Een omleidingsoperator is een speciaal teken dat kan worden gebruikt met een opdracht, zoals een opdrachtpromptopdracht of een DOS-opdracht, om de invoer naar de opdracht of de uitvoer van de opdracht om te leiden.
Als u een opdracht uitvoert, komt de invoer standaard vanaf het toetsenbord en wordt de uitvoer naar het opdrachtpromptvenster gestuurd. Commando-ingangen en -uitgangen worden commandohandvatten genoemd.
Redirection-operators in Windows en MS-DOS
De onderstaande tabel geeft een overzicht van alle beschikbare omleidingsoperatoren voor opdrachten in Windows en MS-DOS. De omleidingsoperators > en >> zijn echter met een aanzienlijke marge de meest gebruikte.

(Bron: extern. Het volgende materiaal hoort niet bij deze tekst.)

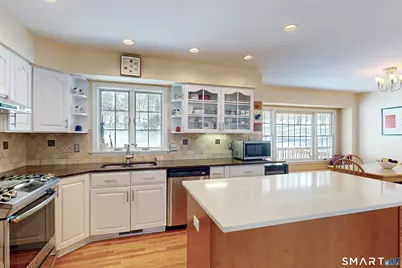 183 Coachmans Drive, Southbury, CT 06488 - Photo 7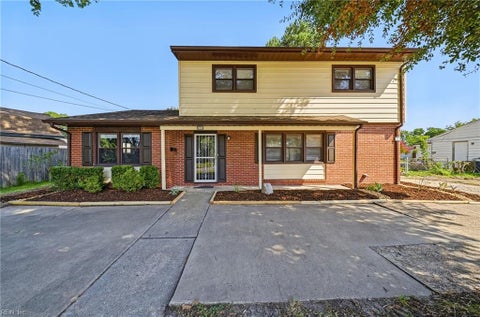 Photo of 5725 Cheyenne Circle, Virginia Beach, VA 23462 (MLS # 10652132)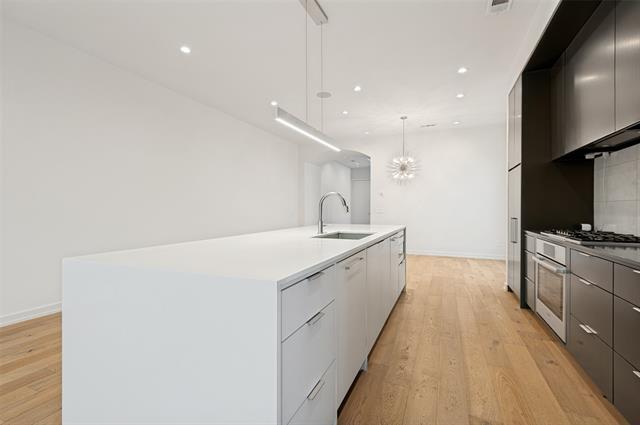 Building Photo - 4719 Belmont Ave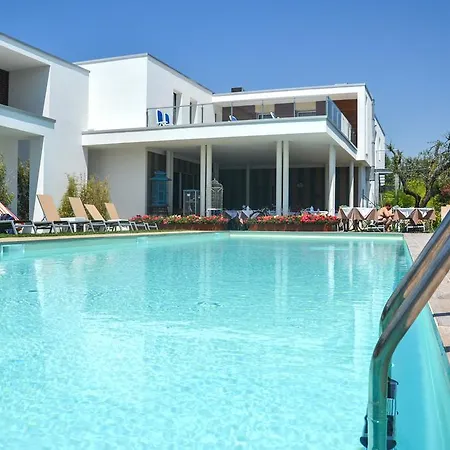Hotel Maximilian 3*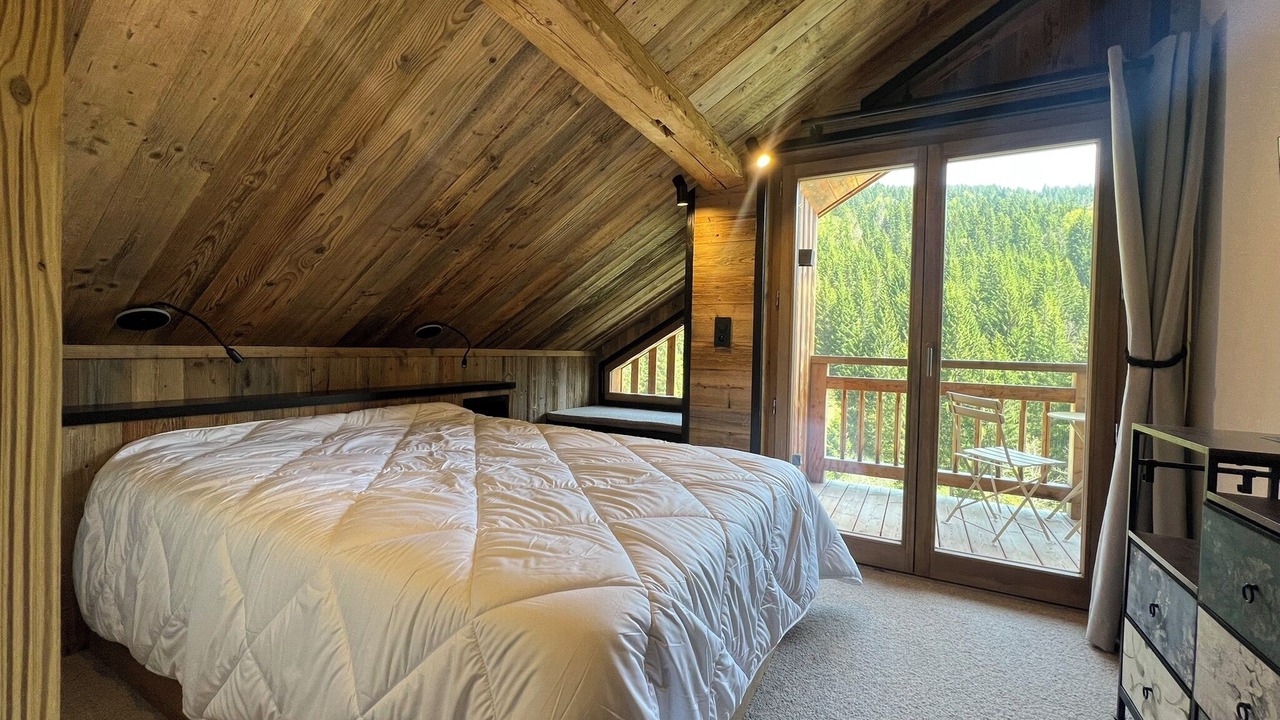 Photo of Bedroom in Taninges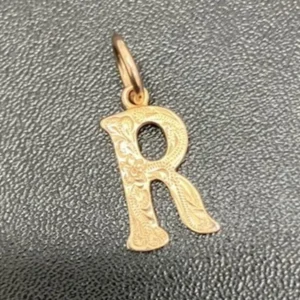 K14　ペンダントトップ　0.6g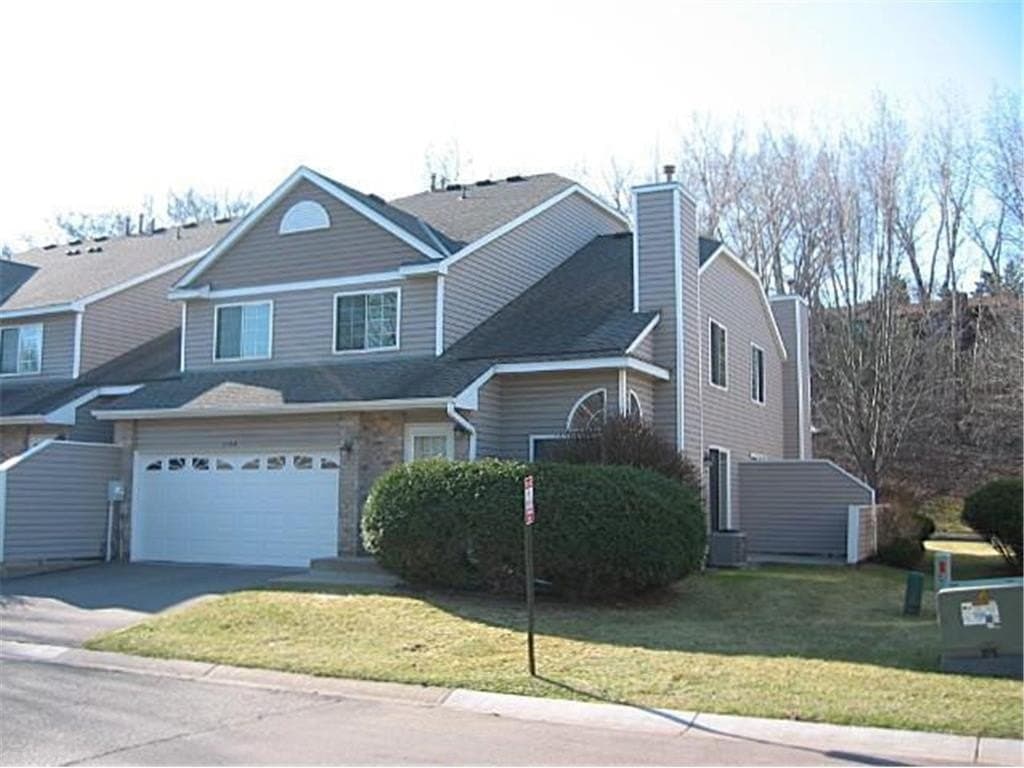 3 bedroom townhouse for sale at 1068 Fillmore Cir NE Fridley 55432 - $225,000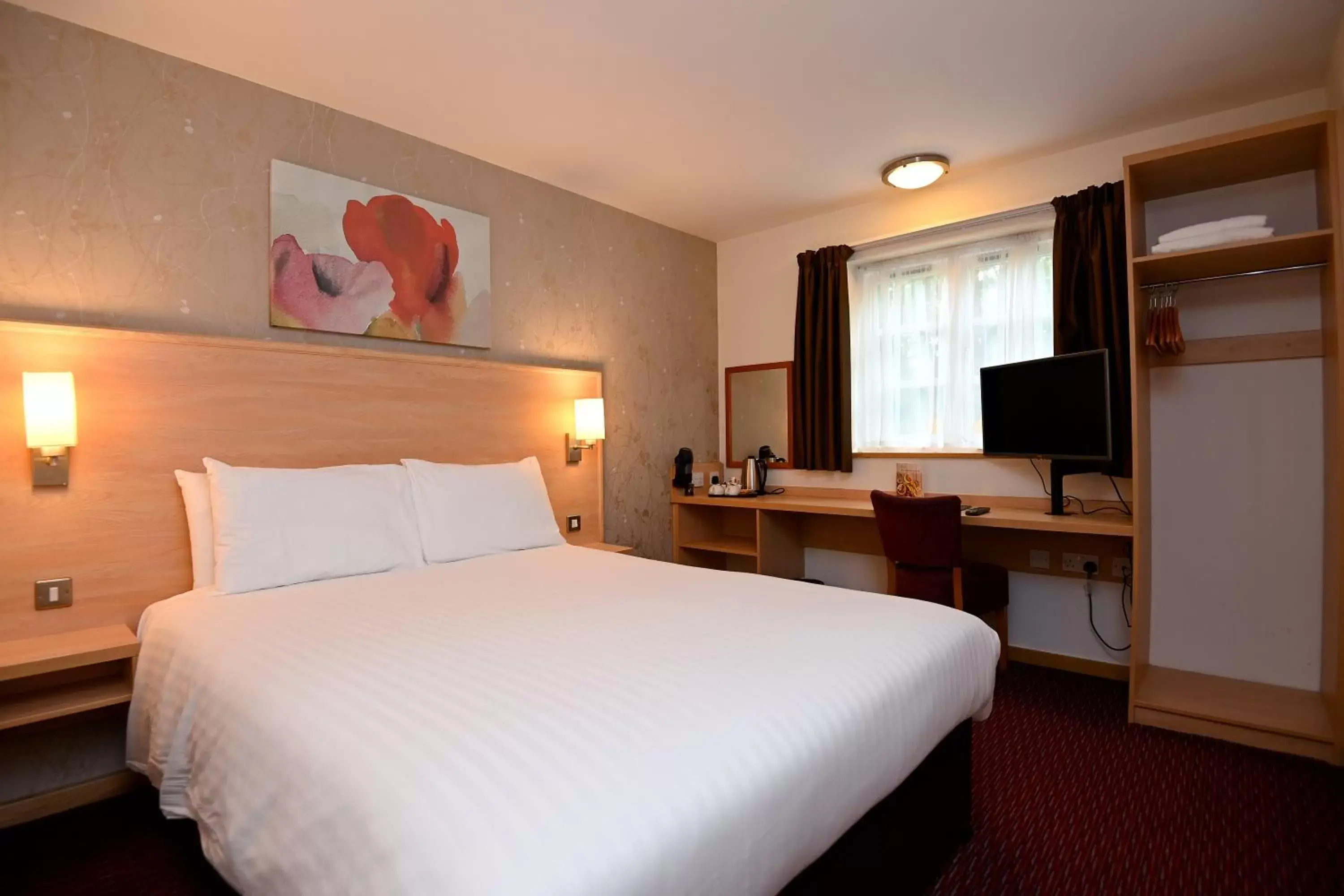 Standard Double Room in Meadow Farm Redditch by Marstons Inns Standard Double Room in Meadow Farm Redditch by Marstons Inns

Cheatsheet voor omleidingsoperators | ||
---|---|---|
Omleidingsoperator | Uitleg | Voorbeeld |
> | Het groter-dan-teken wordt gebruikt om naar een bestand, of zelfs naar een printer of ander apparaat te sturen, welke informatie van de opdracht dan ook zou zijn weergegeven in het opdrachtpromptvenster als je de operator niet had gebruikt. | assoc > types.txt |
>> | Het dubbele groter-dan-teken werkt net als het enkele groter-dan-teken, maar de informatie wordt aan het einde van het bestand toegevoegd in plaats van het te overschrijven. | ipconfig >> netdata.txt |
< | Het kleiner-dan-teken wordt gebruikt om de invoer voor een opdracht uit een bestand te lezen in plaats van van het toetsenbord. | sort < data.txt |
| | De verticale pijp wordt gebruikt om de uitvoer van de ene opdracht te lezen en if te gebruiken voor de invoer van een andere. | dir | sorteren |
Twee andere omleidingsoperatoren, >& en <&, bestaan ook, maar hebben voornamelijk te maken met meer gecompliceerde omleiding met commandohandvatten.
Het clip-commando is hier ook het vermelden waard. Het is geen omleidingsoperator, maar het is bedoeld om te worden gebruikt met een, meestal de verticale pijp, om de uitvoer van de opdracht vóór de pijp om te leiden naar het Windows-klembord.
Bijvoorbeeld ping 192.168.1.1 |. uitvoeren clip kopieert de resultaten van de ping-opdracht naar het klembord, die u vervolgens in een willekeurig programma kunt plakken.
Een omleidingsoperator gebruiken
De omleidingsoperator wordt toegevoegd nadat de normale opdracht is geschreven.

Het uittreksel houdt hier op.